On the top branch of an oak, a brown thrasher hangs and pours forth a spiritual song for his mate, who runs on the ground and searches under every leaf for a late worm. From a live oak a mourning dove coos plaintively and a cardinal whistles defiance to all comers. A veery thrush runs almost to my feet and then flies away toward her northern home. Sitting there, as I have done for nearly all of my sixty-six years, memories come to me of the flocks of golden warblers that used to feed under the elms in such numbers that the ground seemed carpeted by their yellow bodies; now, for ten years, I have seen none at all, except last summer, a pair feeding on a thistle in my garden, made me call my wife to admire the golden beauties.

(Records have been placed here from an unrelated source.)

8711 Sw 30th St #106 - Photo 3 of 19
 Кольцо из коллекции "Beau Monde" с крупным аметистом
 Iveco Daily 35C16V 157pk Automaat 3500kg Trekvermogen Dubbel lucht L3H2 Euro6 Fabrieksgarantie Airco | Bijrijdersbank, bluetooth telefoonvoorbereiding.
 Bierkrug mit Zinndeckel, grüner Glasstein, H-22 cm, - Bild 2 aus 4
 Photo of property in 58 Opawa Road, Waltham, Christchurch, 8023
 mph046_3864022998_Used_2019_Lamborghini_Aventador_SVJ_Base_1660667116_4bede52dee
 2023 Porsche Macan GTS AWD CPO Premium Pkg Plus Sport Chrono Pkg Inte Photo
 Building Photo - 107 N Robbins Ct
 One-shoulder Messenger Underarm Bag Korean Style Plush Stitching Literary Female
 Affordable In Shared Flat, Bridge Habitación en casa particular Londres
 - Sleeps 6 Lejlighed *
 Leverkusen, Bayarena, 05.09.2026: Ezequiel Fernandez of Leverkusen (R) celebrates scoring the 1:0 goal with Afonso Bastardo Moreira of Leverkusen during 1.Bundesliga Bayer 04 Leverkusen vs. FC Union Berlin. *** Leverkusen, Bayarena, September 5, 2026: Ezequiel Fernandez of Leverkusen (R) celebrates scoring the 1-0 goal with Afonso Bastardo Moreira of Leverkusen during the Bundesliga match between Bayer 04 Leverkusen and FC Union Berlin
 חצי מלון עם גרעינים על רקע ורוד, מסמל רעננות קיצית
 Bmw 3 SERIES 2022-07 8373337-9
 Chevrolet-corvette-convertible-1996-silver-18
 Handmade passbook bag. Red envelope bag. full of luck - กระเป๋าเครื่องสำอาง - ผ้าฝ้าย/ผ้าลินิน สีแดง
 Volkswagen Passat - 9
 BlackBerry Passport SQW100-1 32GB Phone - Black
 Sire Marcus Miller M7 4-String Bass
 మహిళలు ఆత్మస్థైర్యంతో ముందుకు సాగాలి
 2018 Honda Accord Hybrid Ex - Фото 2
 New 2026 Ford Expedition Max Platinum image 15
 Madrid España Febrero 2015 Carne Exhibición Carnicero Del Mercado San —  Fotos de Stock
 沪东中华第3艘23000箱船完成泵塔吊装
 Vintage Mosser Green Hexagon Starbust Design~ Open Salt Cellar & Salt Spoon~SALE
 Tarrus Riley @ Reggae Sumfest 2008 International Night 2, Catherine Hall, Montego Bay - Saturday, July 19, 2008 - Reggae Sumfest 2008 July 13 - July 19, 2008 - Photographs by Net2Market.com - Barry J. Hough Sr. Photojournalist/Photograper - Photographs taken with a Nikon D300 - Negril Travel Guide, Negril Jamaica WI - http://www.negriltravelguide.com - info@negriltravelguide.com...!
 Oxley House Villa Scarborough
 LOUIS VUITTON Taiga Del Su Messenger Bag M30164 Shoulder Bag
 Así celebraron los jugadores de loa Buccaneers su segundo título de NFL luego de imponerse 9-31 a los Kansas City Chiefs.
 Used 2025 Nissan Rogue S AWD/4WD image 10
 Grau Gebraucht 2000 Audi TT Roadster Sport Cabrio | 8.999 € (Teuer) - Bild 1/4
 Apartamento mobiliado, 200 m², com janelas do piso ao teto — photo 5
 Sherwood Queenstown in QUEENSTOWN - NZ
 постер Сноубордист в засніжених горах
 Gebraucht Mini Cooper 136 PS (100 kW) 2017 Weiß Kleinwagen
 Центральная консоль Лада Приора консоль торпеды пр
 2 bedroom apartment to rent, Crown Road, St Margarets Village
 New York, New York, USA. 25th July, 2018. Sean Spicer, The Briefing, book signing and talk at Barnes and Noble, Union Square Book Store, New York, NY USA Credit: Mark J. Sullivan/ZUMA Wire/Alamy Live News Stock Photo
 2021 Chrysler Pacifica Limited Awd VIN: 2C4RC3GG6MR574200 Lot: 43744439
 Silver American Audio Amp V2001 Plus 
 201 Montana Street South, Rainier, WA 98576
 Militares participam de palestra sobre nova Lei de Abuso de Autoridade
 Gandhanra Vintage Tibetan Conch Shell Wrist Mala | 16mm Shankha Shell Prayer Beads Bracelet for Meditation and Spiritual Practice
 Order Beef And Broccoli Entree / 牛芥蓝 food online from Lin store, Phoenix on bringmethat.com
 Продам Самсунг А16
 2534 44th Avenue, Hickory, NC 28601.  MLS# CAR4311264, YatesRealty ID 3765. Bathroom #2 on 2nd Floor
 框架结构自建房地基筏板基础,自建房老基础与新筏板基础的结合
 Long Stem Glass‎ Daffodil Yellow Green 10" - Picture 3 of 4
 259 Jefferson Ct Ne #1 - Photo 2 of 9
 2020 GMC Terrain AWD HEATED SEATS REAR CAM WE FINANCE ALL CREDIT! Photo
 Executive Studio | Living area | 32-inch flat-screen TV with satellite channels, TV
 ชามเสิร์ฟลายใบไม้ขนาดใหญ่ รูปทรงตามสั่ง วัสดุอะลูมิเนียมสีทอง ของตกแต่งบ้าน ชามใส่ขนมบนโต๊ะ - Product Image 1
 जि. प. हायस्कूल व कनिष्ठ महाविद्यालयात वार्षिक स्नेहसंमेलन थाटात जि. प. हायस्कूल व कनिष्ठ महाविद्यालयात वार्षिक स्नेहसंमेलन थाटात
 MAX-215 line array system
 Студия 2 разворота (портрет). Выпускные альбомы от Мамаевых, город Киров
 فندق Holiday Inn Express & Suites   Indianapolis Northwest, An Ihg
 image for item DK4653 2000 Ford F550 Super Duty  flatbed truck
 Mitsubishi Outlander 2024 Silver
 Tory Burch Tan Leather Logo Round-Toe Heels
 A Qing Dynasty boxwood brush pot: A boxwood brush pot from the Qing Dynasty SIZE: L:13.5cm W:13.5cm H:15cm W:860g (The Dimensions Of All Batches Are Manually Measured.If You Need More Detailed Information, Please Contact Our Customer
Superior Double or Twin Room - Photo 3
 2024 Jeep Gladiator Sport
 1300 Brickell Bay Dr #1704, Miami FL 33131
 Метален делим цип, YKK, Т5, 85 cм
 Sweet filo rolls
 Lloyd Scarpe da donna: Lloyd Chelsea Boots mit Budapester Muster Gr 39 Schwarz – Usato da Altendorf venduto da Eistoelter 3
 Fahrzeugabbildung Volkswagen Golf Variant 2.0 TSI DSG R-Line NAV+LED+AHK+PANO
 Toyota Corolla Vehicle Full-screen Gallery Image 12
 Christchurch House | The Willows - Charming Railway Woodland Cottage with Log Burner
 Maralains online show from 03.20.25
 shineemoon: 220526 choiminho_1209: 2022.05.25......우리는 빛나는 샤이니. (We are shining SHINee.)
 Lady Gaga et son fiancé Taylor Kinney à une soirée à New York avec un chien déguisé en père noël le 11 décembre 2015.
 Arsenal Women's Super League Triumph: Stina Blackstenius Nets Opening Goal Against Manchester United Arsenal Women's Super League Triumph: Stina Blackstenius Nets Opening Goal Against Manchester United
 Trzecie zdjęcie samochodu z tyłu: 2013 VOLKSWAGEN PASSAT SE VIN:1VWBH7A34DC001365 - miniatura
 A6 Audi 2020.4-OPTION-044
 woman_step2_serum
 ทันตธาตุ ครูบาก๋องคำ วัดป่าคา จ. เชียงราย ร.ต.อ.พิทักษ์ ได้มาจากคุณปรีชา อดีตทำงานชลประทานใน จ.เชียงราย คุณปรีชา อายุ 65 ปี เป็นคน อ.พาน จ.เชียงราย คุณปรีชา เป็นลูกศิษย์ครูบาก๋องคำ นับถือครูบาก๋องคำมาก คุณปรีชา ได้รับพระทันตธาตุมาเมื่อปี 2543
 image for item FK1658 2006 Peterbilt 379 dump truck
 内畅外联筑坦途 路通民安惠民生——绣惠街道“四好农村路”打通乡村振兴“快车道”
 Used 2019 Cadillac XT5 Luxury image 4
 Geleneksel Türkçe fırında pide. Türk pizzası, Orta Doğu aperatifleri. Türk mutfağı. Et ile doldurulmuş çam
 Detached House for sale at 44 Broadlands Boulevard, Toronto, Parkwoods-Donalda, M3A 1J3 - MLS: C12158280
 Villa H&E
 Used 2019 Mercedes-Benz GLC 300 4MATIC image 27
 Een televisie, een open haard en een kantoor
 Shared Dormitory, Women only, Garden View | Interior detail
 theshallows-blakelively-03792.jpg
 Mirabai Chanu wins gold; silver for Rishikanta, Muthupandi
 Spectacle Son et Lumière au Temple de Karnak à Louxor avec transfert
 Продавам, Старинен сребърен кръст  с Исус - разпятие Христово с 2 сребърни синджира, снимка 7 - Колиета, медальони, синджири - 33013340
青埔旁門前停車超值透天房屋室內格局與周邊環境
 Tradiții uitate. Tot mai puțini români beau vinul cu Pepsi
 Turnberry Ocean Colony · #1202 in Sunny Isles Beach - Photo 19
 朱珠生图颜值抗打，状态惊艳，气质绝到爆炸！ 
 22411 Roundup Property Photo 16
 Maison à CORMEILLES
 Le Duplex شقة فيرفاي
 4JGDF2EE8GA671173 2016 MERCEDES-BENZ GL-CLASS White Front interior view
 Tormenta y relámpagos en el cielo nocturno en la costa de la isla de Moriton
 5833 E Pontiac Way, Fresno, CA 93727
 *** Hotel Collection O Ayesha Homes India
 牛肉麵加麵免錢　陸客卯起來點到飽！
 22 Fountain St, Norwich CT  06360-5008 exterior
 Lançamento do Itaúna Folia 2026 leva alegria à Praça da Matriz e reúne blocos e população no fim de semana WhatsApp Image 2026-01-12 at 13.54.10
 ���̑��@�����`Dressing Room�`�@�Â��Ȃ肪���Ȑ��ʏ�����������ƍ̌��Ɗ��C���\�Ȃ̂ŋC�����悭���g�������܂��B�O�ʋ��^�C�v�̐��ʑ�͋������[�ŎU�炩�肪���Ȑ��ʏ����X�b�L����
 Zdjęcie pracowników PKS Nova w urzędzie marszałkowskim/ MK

Even the small boy never cared to shoot these sweet, simple little songsters and yet they are gone.

My next-door neighbor and I own in front lawns and rear gardens almost twelve acres of ground. Across its front runs a small creek, while great oaks, elms, cedars and holly trees, with many shrubs growing underneath, make the places a heaven for birds. Our town has grown all around us for over a mile in every direction, but for all time, both of our places have been bird sanctuaries. In years gone by a cigar box nailed to a post, or tree, was sure to have a pair of blue birds use it as a nest and their sweet calls greeted us at dawn and dusk, but these little fellows spend their winters with us and in 1917 and 1918 great numbers perished from cold and hunger, but they are increasing again to my great joy. Then the cedar birds are coming back this year. The naturalists tell us that it is their habit to desert their houses without any known reason and then suddenly return. Another bird that certainly, in days gone by, would have about this time come dashing out the sky, calling "kill-dee-dee-dea," race across the lawn to the water and then up and away. The kill-dee plover has left me for many years, and their striped bodies and cheery call would certainly be welcomed again. The orioles, that used to build their nests of the vanilla scented, sweet vernal grass, have deserted the maples and cedars that used to house three pairs. Once I heard an oriole sing on Thanksgiving day. He had certainly lost his way, maybe crippled or caught and caged, and then made an escape. He only sang twice and then hastened away.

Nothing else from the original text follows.